Task to carry out – Please report how many lines of the following entries hold the word "Apple", giving the number alone.

Given entries –
= = = =
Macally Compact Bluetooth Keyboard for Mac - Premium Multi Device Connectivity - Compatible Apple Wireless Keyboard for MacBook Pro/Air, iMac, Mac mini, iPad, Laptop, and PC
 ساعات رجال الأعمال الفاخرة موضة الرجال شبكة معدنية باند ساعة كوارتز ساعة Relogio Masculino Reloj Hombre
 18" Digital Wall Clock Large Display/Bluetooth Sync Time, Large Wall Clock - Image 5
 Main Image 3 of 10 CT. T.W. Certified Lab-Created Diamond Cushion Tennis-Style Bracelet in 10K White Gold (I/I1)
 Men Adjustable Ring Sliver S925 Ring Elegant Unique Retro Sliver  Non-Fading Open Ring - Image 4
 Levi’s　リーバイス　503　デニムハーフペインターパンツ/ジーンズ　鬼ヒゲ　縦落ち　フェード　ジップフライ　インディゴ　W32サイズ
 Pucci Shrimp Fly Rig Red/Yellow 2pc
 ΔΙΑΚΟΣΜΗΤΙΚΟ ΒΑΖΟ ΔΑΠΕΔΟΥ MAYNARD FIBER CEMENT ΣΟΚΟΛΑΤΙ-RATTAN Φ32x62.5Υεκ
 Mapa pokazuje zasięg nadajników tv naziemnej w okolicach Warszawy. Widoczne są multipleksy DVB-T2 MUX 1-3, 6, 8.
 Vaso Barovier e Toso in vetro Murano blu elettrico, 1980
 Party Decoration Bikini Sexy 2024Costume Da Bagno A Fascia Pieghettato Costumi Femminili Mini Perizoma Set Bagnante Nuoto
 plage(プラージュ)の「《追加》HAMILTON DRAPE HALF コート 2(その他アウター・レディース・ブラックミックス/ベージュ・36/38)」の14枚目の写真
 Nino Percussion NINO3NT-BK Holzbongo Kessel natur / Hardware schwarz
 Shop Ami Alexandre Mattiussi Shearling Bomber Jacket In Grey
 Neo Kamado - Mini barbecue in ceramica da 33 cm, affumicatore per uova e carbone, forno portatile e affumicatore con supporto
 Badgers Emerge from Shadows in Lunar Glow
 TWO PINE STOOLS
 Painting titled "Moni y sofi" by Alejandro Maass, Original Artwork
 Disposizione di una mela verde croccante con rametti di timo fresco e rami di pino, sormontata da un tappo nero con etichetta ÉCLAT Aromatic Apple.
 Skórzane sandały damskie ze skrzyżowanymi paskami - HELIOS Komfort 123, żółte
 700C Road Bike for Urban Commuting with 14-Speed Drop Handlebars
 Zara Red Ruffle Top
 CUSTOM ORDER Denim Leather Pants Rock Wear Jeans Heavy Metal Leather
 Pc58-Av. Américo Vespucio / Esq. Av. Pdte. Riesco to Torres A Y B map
= = = =
Solved problem – 2